THE DATA section start
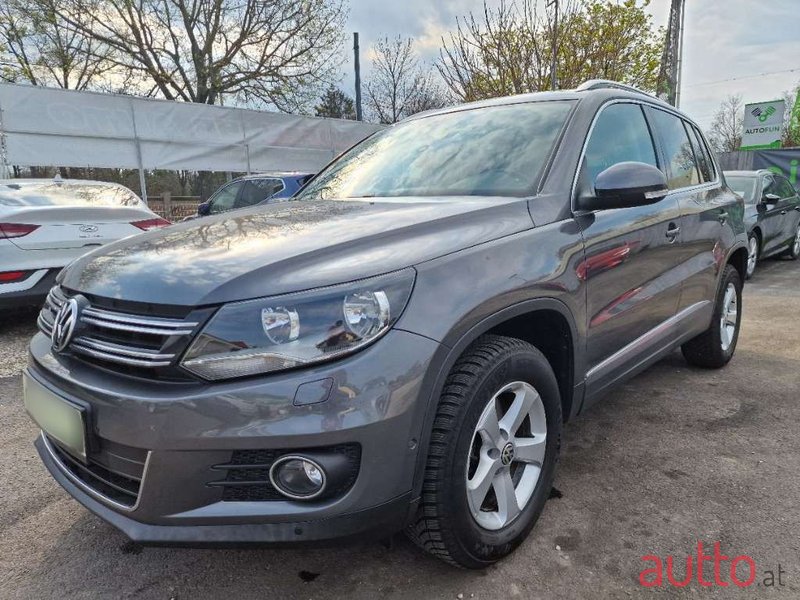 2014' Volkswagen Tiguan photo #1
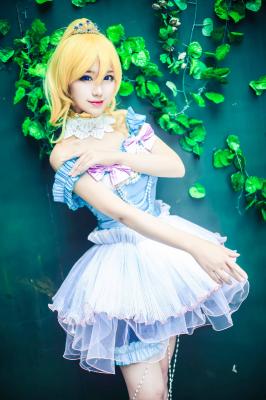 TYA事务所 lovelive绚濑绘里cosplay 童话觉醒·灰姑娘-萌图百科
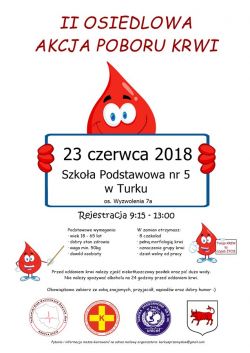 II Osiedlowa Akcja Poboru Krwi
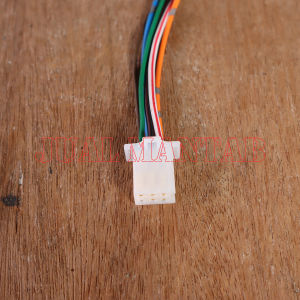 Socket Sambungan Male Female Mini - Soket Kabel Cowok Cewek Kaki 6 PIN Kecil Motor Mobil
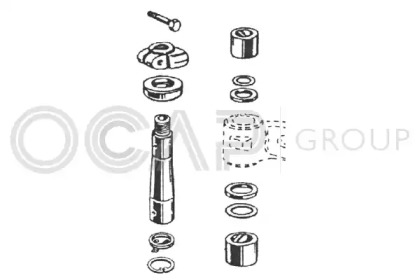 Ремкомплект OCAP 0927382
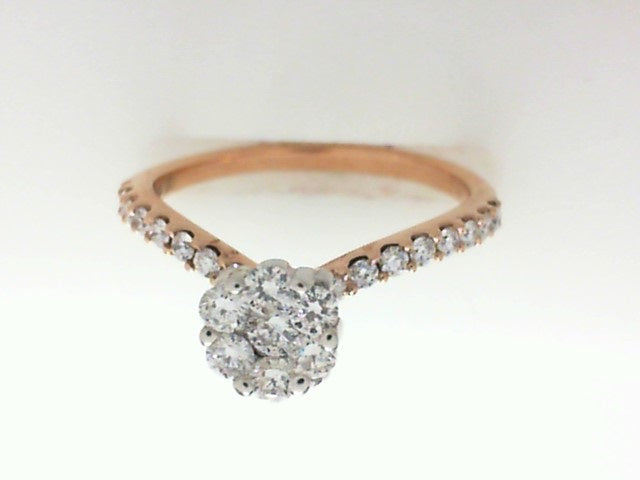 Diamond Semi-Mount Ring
THE DATA section end
• INSTRUCTIONS TO FOLLOW
Please copy, exactly as written, the lines from the one that contains "Ремкомплект OCAP 0927382" through the end of the records, both ends included. Do not include the pictures.

• ANSWER TO THIS TASK
 Ремкомплект OCAP 0927382
 Diamond Semi-Mount Ring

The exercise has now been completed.